2013 yılının ikinci yarısından sonra düşüncelerimle, önceliklerimle ilgili değişiklik yapma kararı aldım. Yapmak istediklerimi sıraladım kendimce. Çok uzun zamandır yapmak istediğim ama bir türlü cesaret edemediğim bir şeyi yaptım. Kendi bloğumu kurdum. Benim için güzel bir adımdı blog kurmak. Gezip eğlenmeye, oğlum Berke'yle daha çok vakit geçirmeye, kızım Damla'yla bolca sohbet etmeye dostlarımla sık sık görüşmeye, yazmaya ve yazdıklarımı paylaşmaya işten arta kalan tüm zamanımı verimli kullanmaya başladım. En güzeli kendimi önemsedim ve kendime vakit ayırdım.

Severek yaptığım işim, ailem, eşim, çocuklarım, yemeklerim, olmazsa olmaz kitaplarım, arkadaşlarım ve can dostlarımla ve aldığım kararlarımla, kendime duyduğum özgüvenimle daha iyiyim.

Beni yılmadan ve usanmadan dinleyen ve benden desteğini esirgemeyen kendimi bulmamda bana yardımcı olan sevdiğim üç dostumun katkısını hiç unutmayacağım. İyi varsınız. İyi ki benim dostlarımsınız.

Aslında anlatmak istediklerim başka şeylerdi ama kelimelere ve cümlelere başka harfler döküldü. Her şeyi bir tarafa bırakmak lazım. Önce ben demeliyiz. Ben demenin ne demek olduğunu kavradığımızda kendi hak edişimizi bulmuş olacağız. Olumlu ve yapıcı bir duruşumuz kararlı bir tutumumuz varsa, samimiyet ve dürüstlüğü de elden bırakmadığımız sürece değerli olan yine kendimiz olacağız. Kendi saygımız hem bizi hem de karşımızdakini şahlandıracak.  

Kendi farkındalığını anlamak, ben olduğunu hissetmek çok güzel bir duyguydu ve ben şu an onu çok iyi yaşadığıma inanıyorum.
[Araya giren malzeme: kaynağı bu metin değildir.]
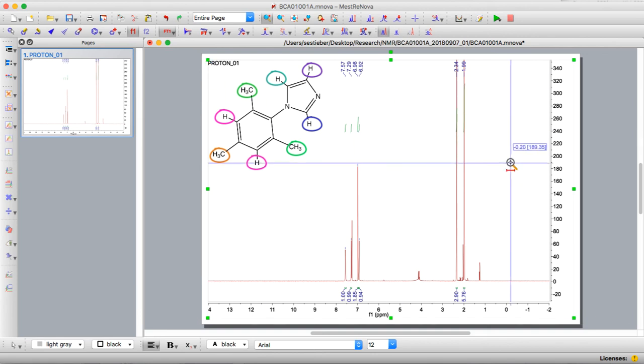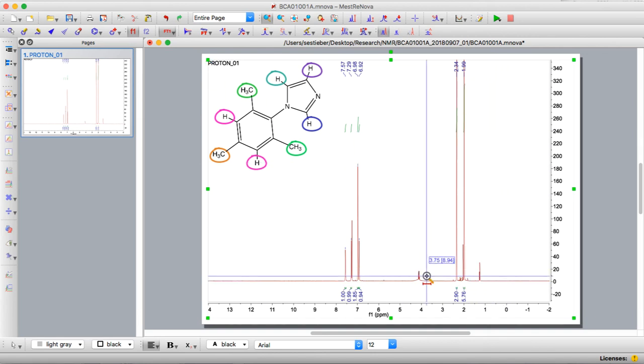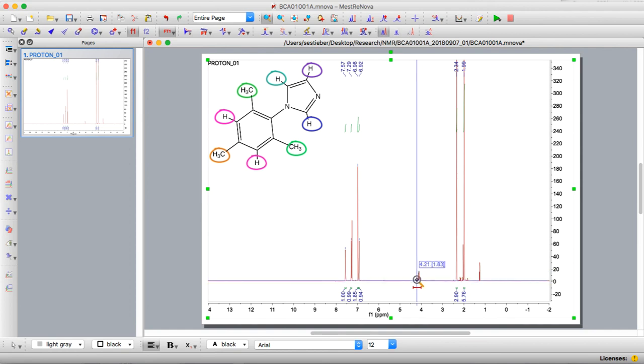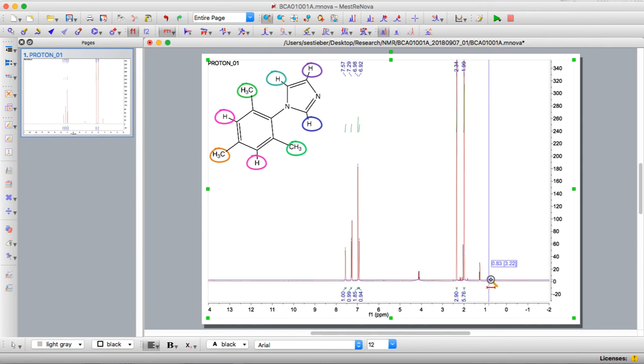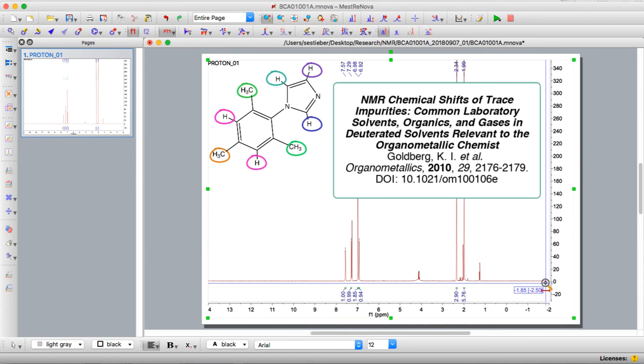The last thing in the spectrum there are a couple smaller components. You can integrate them to convince yourself that they're not significant. Usually you'll have a little bit of residual solvent so there is one particularly good publication that actually references all common solvents in NMR deuterated solvents. The reference is given here so anytime you have a spectrum I highly recommend you look at this reference to make sure that you don't have additional solvent signals in your spectrum.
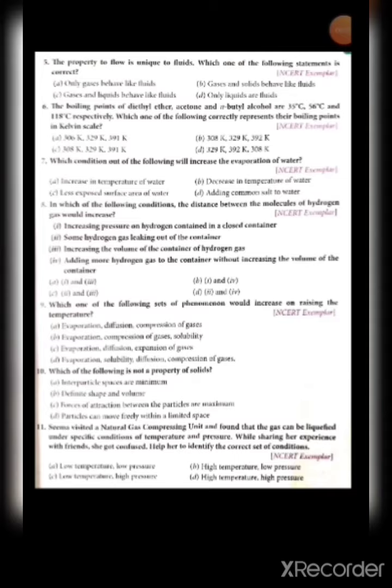Seventh: which condition will increase the evaporation of water? Increase in temperature — that will increase the rate of evaporation. Decrease in temperature — not correct. Less exposed surface area — not correct. Adding common salt — also wrong. So option A is the answer.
Ben yaşamımda her zaman sağlığı birinci, huzuru ikinci olarak istedim. Sevmenin ve sevgi göstermenin her kilidi açtığına inananlardanım. Ruhumda polyannacılık var benim. Yapılan her kötülükte bile hayır arar ve ondan da kendime ders çıkarmaya çalışırım. 

İyi olalım.

İyi bakalım gözlerimizle dış dünyaya. Güzellikler olsun yanı başımızda. Arada iç sesimize de kulak vermeyi unutmayarak.

Yeni bir yılda kim ne istiyorsa ve diliyorsa gelsin ona, konsun yüreğine.